Baja Bummer

Baja Bummer

Author's Note: This is a silly piece inspired by Byrn Donovan's "5000 Writing Prompts." I enjoy returning to that book when I'm looking to "mix things up." I highly recommend it or similar prompt exercises for working out of writer's block. The prompt for this piece was "someone being banned from Taco Bell." Additionally, comments should be enabled on my website now. If you've ever thought about leaving a scathing review for the public to see, now is your chance. Enjoy!

***

“Yes, I’d like 3 shredded chicken burritos please.”

“I’m sorry, we actually stopped carrying the shredded chicken burrito.”

“Oh. . . Since when?”

“Uhh, a few years ago give or take.”

“Wow, umm, what about the shredded chicken taco?”

“I’m sorry, we don’t have any shredded chicken items on the menu.”

“Oh . . . What chicken items do you have?”

“Well, we have the chicken quesadilla and the chicken chipotle melt.”

“What type of chicken is in those?”

“More cube-like.
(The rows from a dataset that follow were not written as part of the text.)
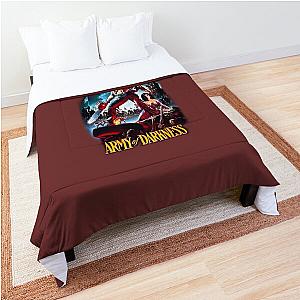 army of darkness Essential Comforter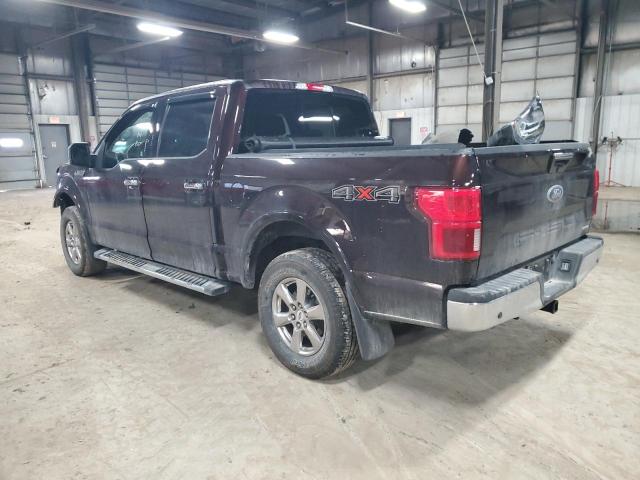 Изображение 2 2018 FORD F150 SUPERCREW 2018 с VIN 1FTEW1EG6JKF56254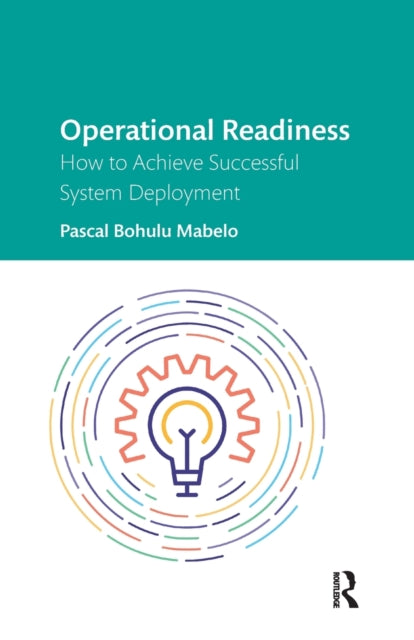 Book cover of: Operational Readiness. By: Pascal Bohulu Mabelo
You know, like . . . umm, chopped chicken.”

“Chopped chicken?”

“Yes, chopped, not shredded.”

“Okay, yeah. Could someone, maybe, I don’t know, rip them up with their hands before putting them in to, say, the quesadilla or the melt?”

“Rip the chicken up?”

“Yeah, you know, tear the chopped chicken up.”

“Uhm, sorry, we can’t do that, sir.”

“Okayyy, could you put the cube, I mean chopped, chicken into a side container and give me a quesadilla without the chicken?”

“You want a cheese quesadilla with a side of chicken?”

“No, I want the chicken quesadilla, but I’d like the chicken taken out and put in a small container.”

“. . . sure, we can do that.”

“You don’t seem sure.”

“I’m sure, sir.”

“Okay, one chicken quesadilla then with the chicken taken out and put in a small container.”

“Yes, sir. Please pull up to the next window and we’ll have your order ready for you.”

***

“Hi, yes, sorry to bother you again. I was just in line a few moments ago. I ordered a chicken quesadilla with the chicken taken out.”

“Yes, sir.”

“I think there was a misunderstanding.”

“I’m sorry, I could have sworn the chicken was put in a side container, sir.”

“Yes, the chicken was in a side container, but I asked for it to be taken out of the chicken quesadilla. The chicken in my container wasn’t in the quesadilla. They’re spotless chopped-up, cube chicken without a trace of cheese, so I think someone, maybe you or someone in the back kitchen, misunderstood my intent. I asked if you were sure, and you said you were, but someone, maybe you or maybe someone else, is obviously not so sure. Not sure at all really. So, I don’t like repeating myself, you know, repeating myself feels like a waste of time, but here it goes. I. Don’t. Want. A. Cheese. Quesadilla. With. A. Side. Of. Chicken. I. Want. A. Chicken. Quesadilla. With. The. Chicken. Taken. Out. And. Placed. In. A. Side. Container.”

“. . .”

“Are you there?”

“Yes, sir.”

“Well?”

“. . . If you pull up to the next window, I’ll have that fixed for you, sir.”

***

From an online review posted that day.

“Terrible service in every facet. Timeliness, attention to detail, and courtesy were non-existent. The fast-food restaurant industry, a pillar of American society, is in the shambles. We are truly witnessing the collapse of democracy in our lives. 3 stars.”